A ce stade du récit où l’incertitude nous ronge, nous allons faire une pause : Souvenez-vous que ces All Blacks n’ont pas perdu contre les Irlandais à Dublin depuis 1905. Oui 1905. Cela fait une paye. C’était l’époque où l’on roulait encore en calèche dans Dublin et où les hommes portaient des casquettes de laine comme les Shelby dans Peaky Blinders.
Nous sommes de retour à l’Aviva Stadium pour un moment de frisson à Dublin : L’ouvreur des All Blacks Beauden Barrett (69e) passe 3 points mérités qui ramènent les siens à sept points soit la valeur d’un essai transformé. Là, on ne rit plus. Certains évoquent même la tragédie de la grande famine du début du XXe siècle. C’est la panique qui s’empare des supporters verts. « Tu vas voir qu’on va perdre ce match sur le fil ou faire match nul comme en 2013 ! » dit David Mc Lennan à son épouse Sally, installés Tribune C au Rang 26 places 132 et 133. Celle-ci déjà ivre, ne pipe mot et plonge le nez dans sa bière noire pour conjurer la terrible prophétie de son époux.
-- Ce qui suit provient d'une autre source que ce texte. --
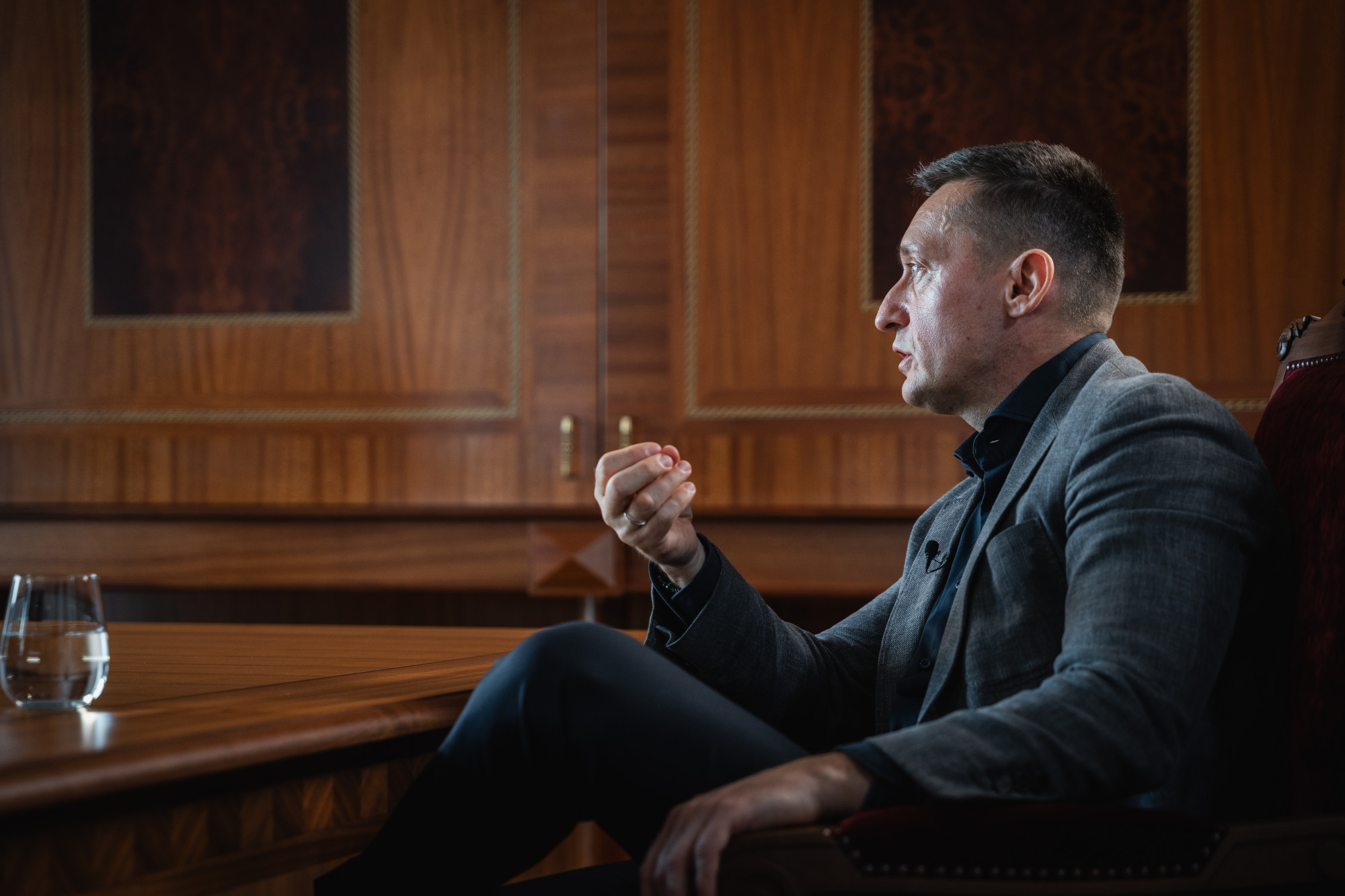 rogan antal metron foto
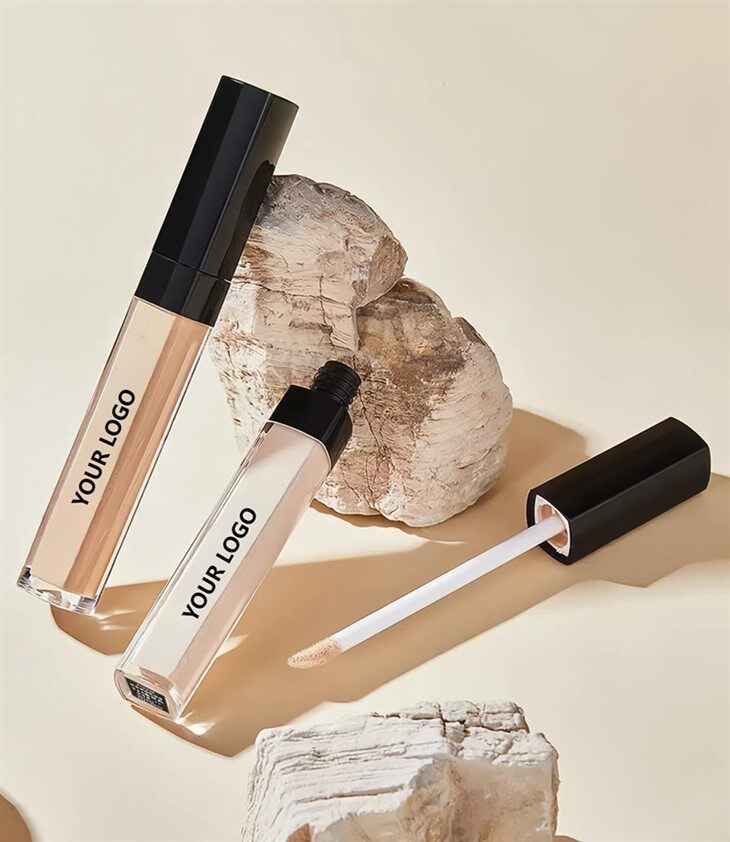 liquid Concealer hides dark circles and spots01_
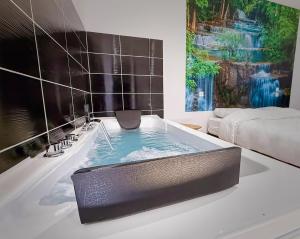 Studio Design N3 avec Jacuzzi & Ambiance Cozy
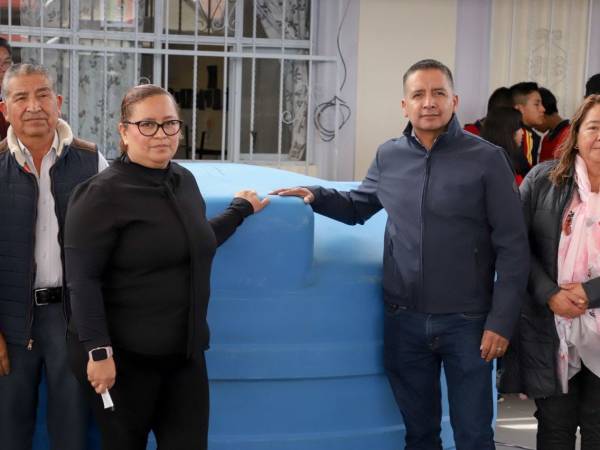 Beneficia Mundo Tlatehui a tres escuelas del municipio con cisternas de captación de agua de lluvia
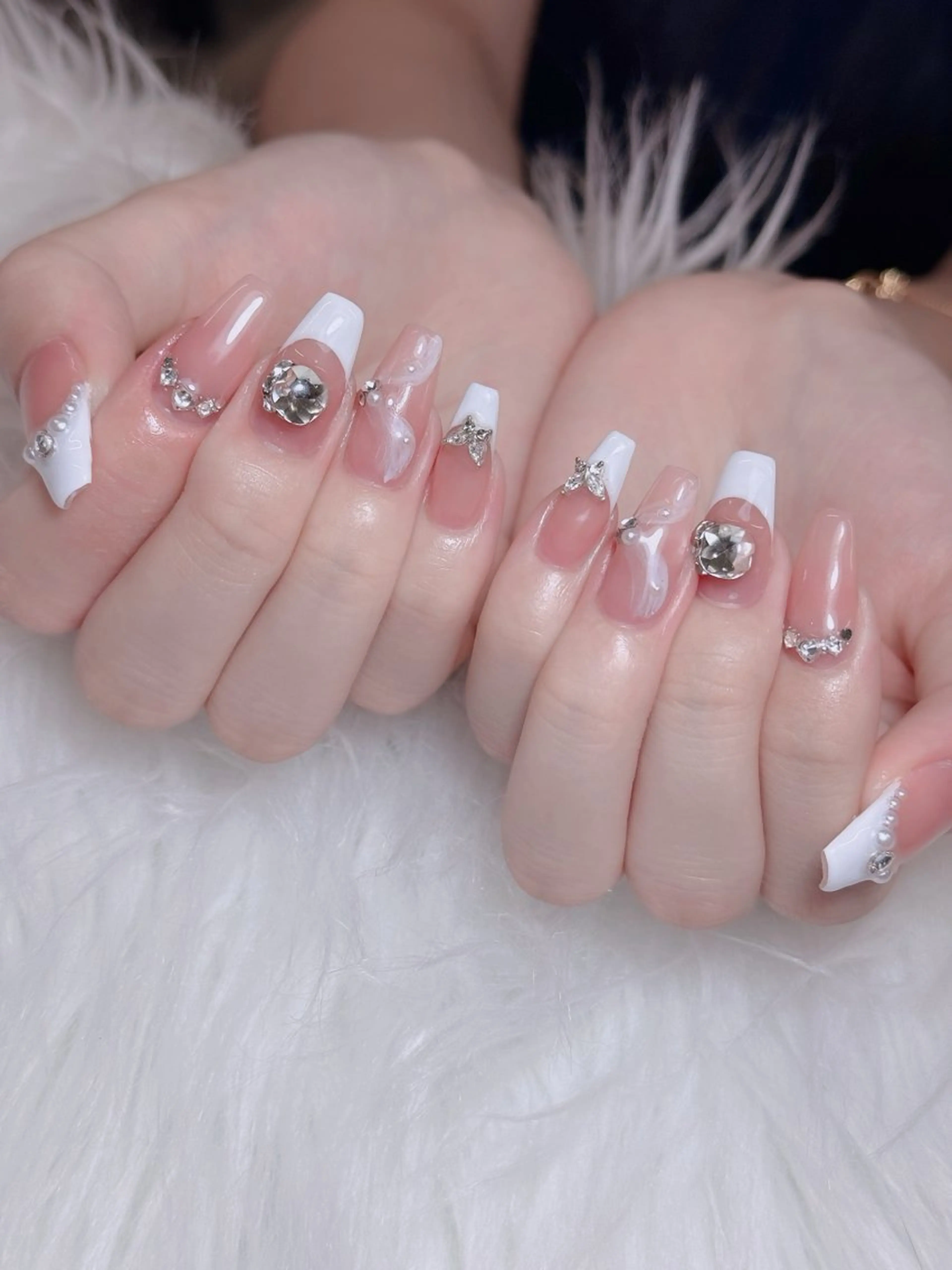 ネイル オーロラネイル チークネイル フットネイル フレンチネイル 韓国ネイル ハンドネイル Lumi Nail 新大久保3‘のネイルデザイン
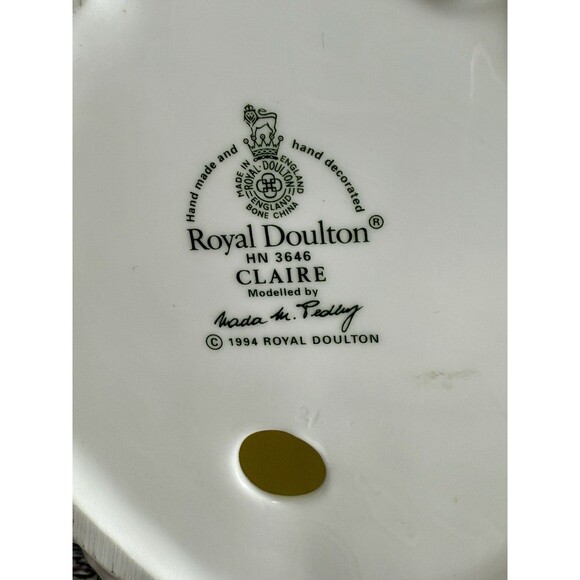 Royal Doulton Claire HN 3646 Figurine 8.25" Tall RETIRED 1994 EXCELLENT - Picture 10 of 15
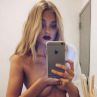Ангел на Victoria's Secret се пусна гола в нета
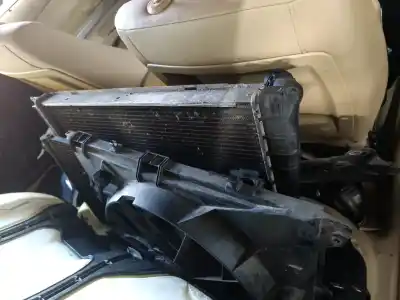 Tweedehands auto-onderdeel Waterradiator voor BMW 3 (E90) 320 I OEM IAM-referenties 17117553111  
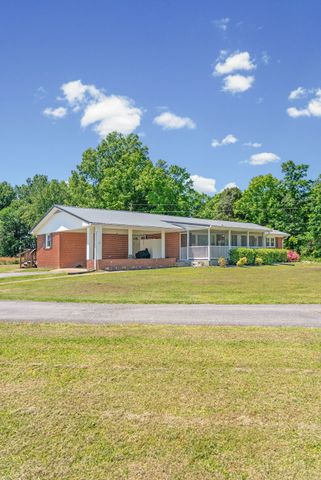 3824 Oakwood Rd, Woodlawn, TN 37191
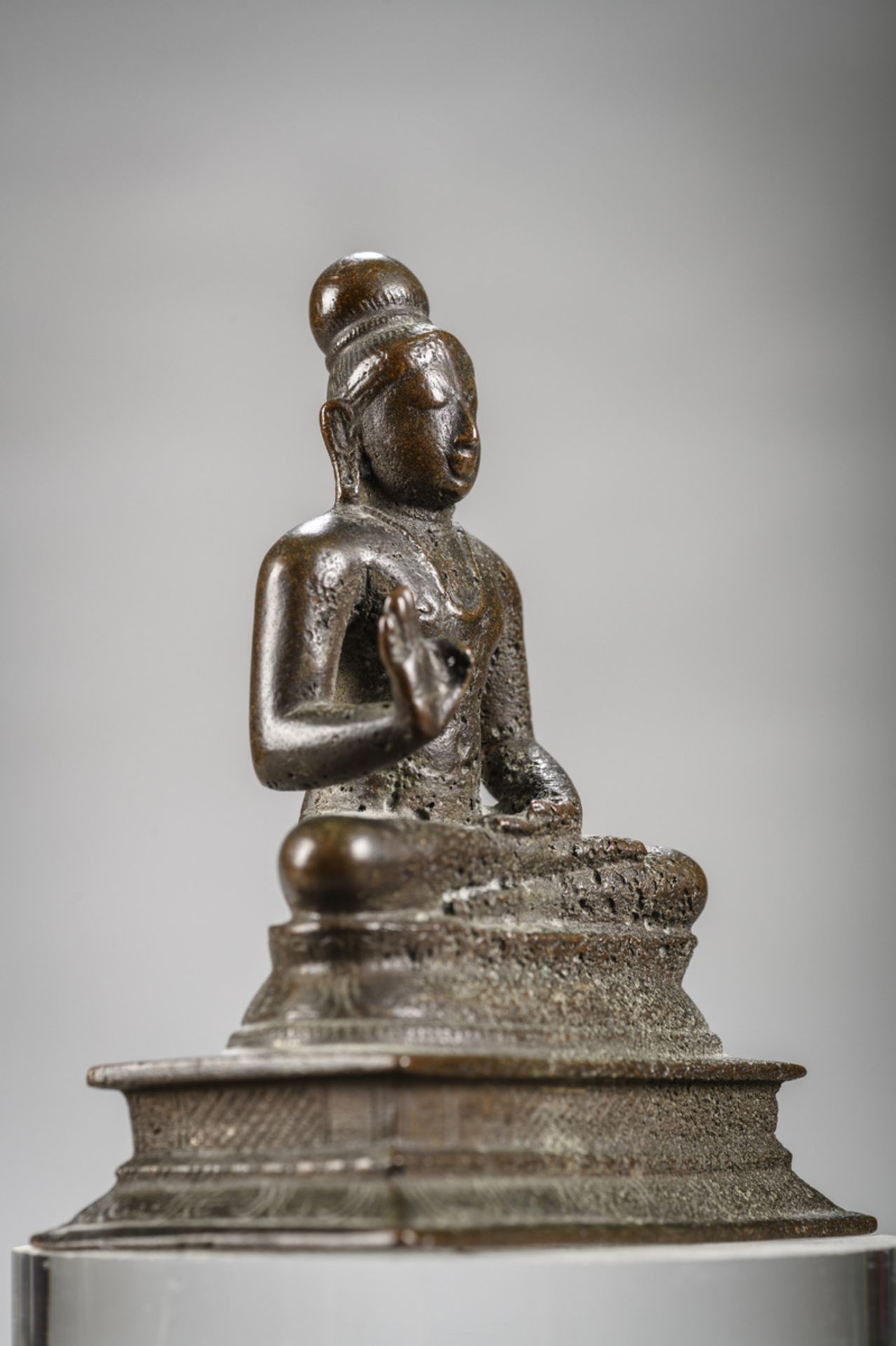 A bronze sculpture 'Yogi', India 17th - 18th century (h 11.2 cm) - Image 2 of 5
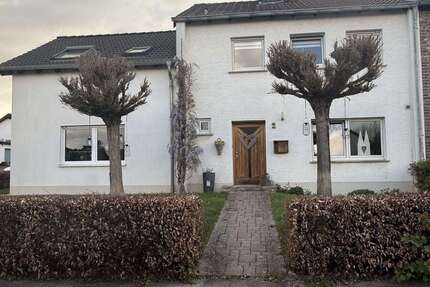Haus Stolberg - 7 Zimmer, 155 m&sup2;, 520.000&euro; | Angebot:26692300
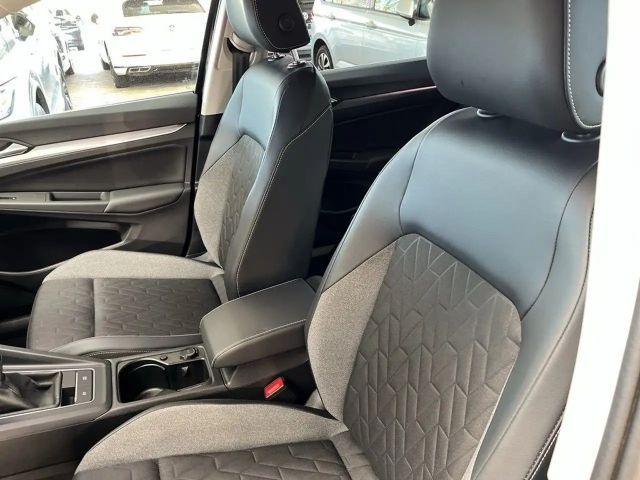 Volkswagen Golf 1.5 TSI Variant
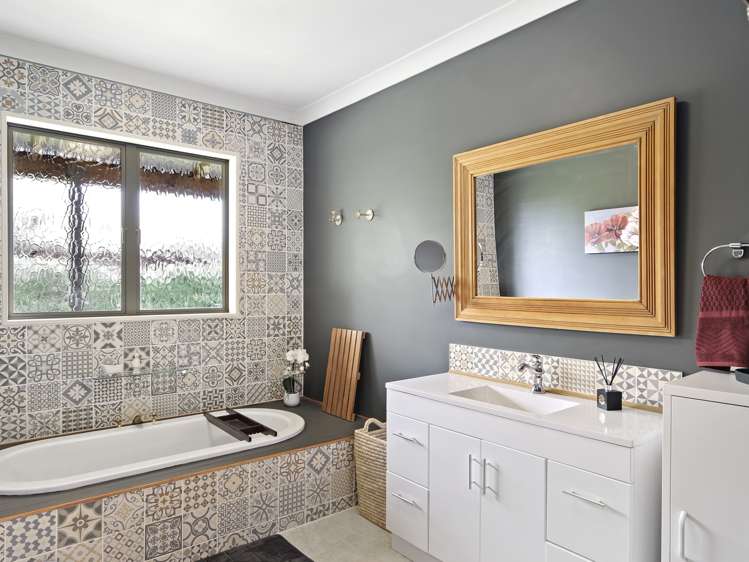 2 River Oaks Drive Tauriko_25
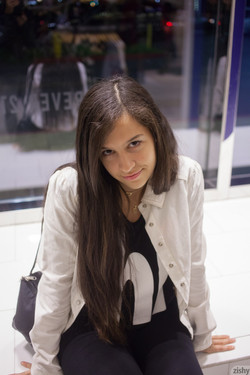 Caroline Ray/Pictures/Zishy.com Caroline Ray Fox Hills Mall - 1920px - 52x/020_1ap3yxa4ostz.jpg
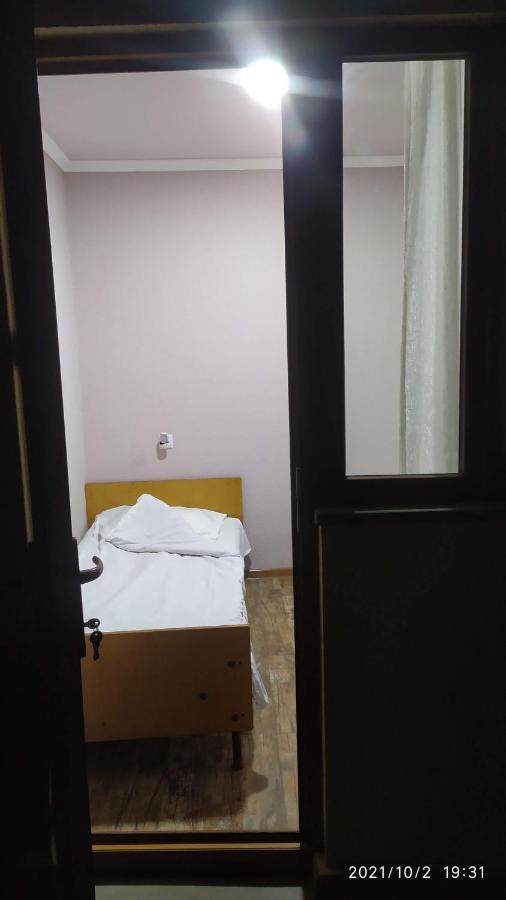 Verishen Guest House B&B Горис Экстерьер фото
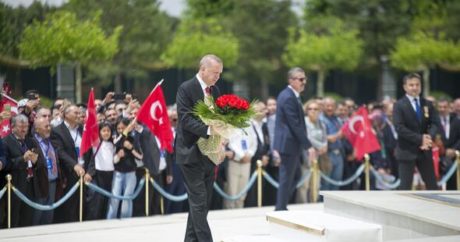 Cumhurbaşkanı Recep Tayyip Erdoğan 15 Temmuz Şehitler Abidesi`nde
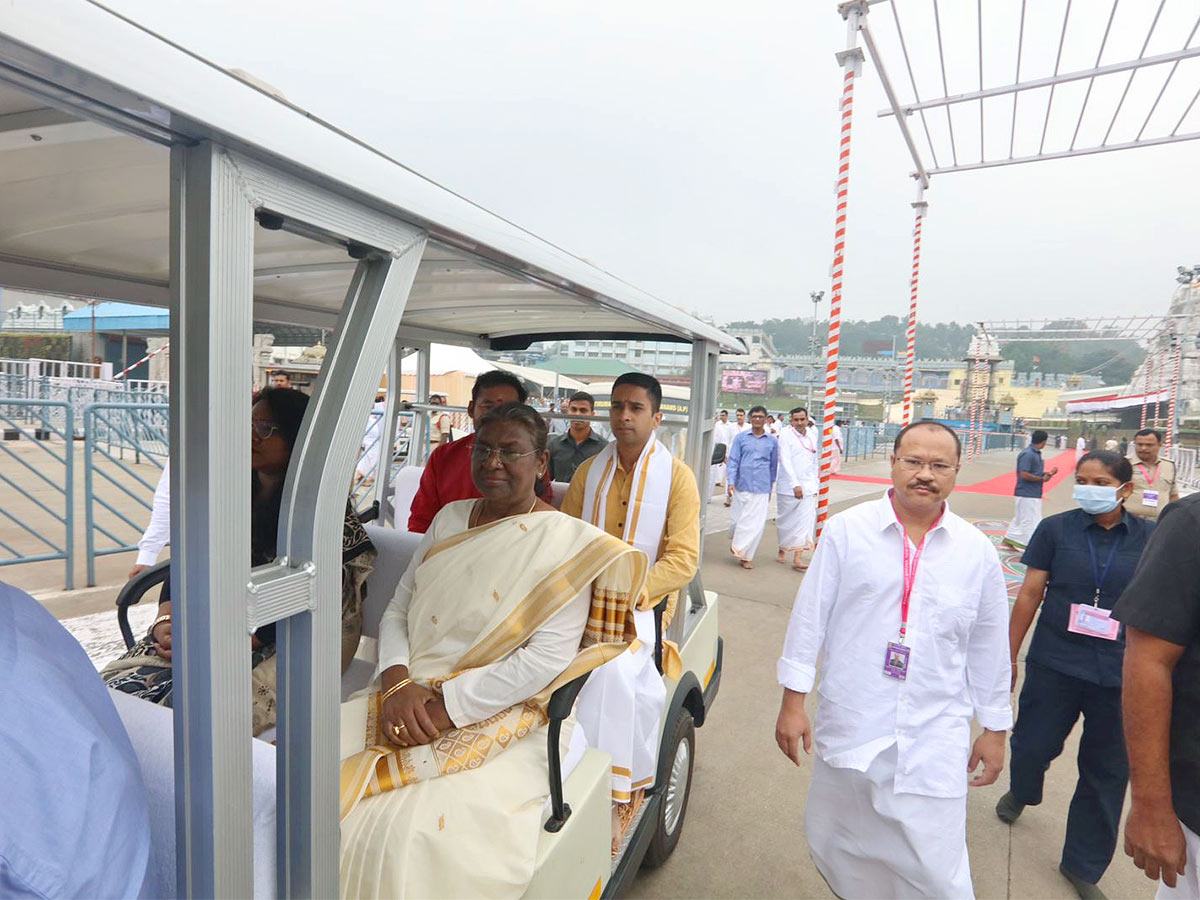 President Draupadi Murmu visit Tirupati - Sakshi11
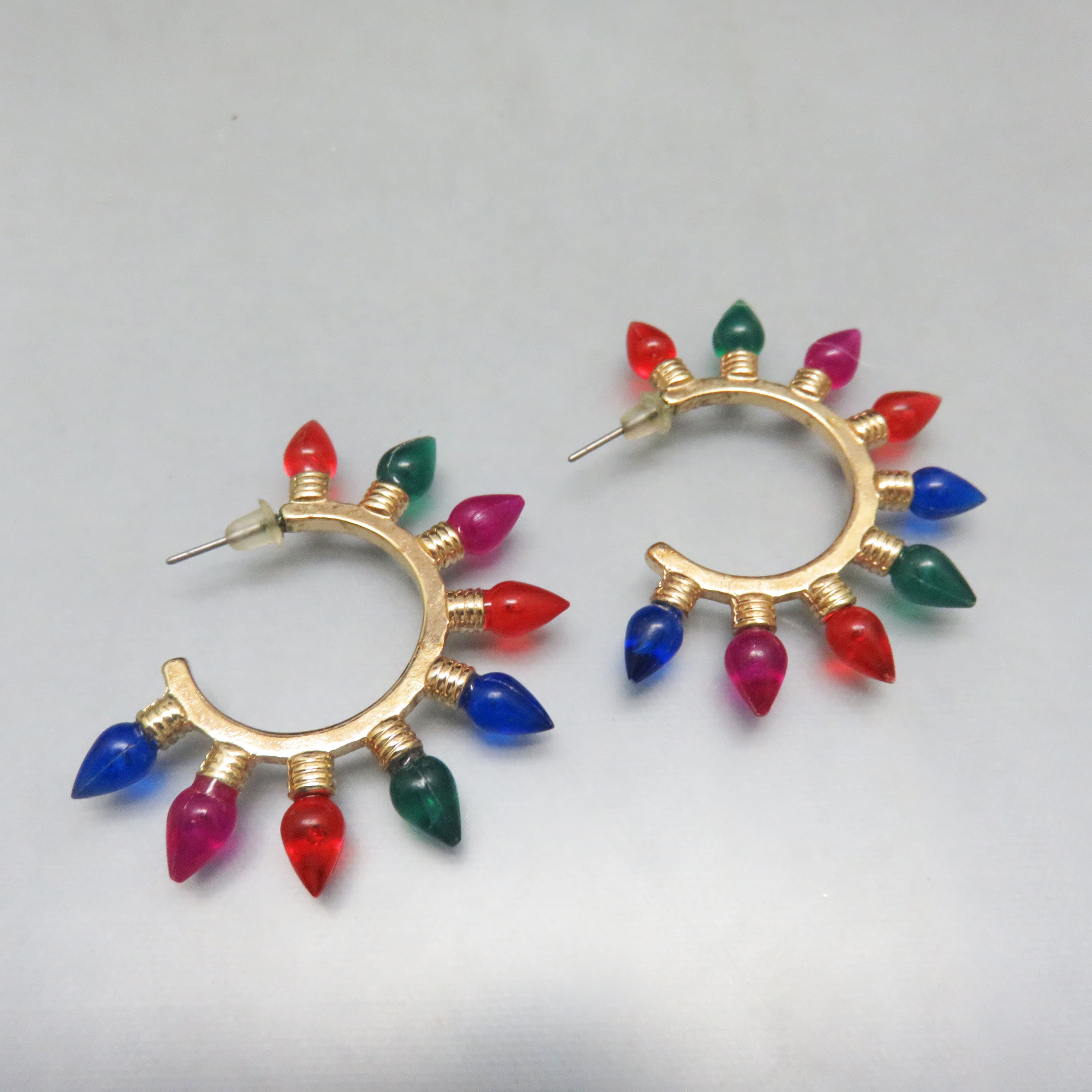 Multicolor Christmas Light Hoop Earrings – Goldtone Plastic Bulb Novelty Post Style Pierced Earrings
Les dix dernières minutes sont terribles : En cabine, Dimitri Yachvili agite une relique de Saint-Patrick pour que les joueurs de Joe Schmidt ne commettent pas de faute stupide précipitant une égalisation des All Blacks. Mais allez savoir, est-ce le souvenir du saint-patron du pays et des cafetiers de province ? Est-ce le fameux « fighting spirit » proverbial du XV du Trèfle ? Est-ce le visionnage de la fin de match comique des Français la semaine dernière face aux Springboks qui les inspirent ?
Quoi qu’il en soit, les Irlandais débordent encore d’énergie, plaquent à tour de bras. Imposent même une dernière séquence défensive cruciale aux All Blacks qui finiront par laisser échapper un ballon après la 80e minute. Jusqu’au bout, les Irlandais auront vacillé mais sans jamais céder.
Le match est terminé. Les Néo-zélandais champions du Monde sont vaincus, 19-6. Au terme d’une partie haletante de bout en bout, les Irlandais ont frappé un grand coup. Ils se positionnent (après leur succès dans le dernier tournoi des 6 Nations) comme l’un des favoris au titre lors de la prochaine Coupe du Monde au Japon. Kieran Read, le capitaine All Black, reconnaîtra à l’issue de la partie que l’épreuve infligée par les Géants Verts conjuguée au soutien indéfectible de ce public enflammé ferait date dans l’histoire du rugby et que par ailleurs, il était bon d’en avoir été acteur ou témoin. Nous, nous en étions les témoins ce soir et nous en sommes très heureux.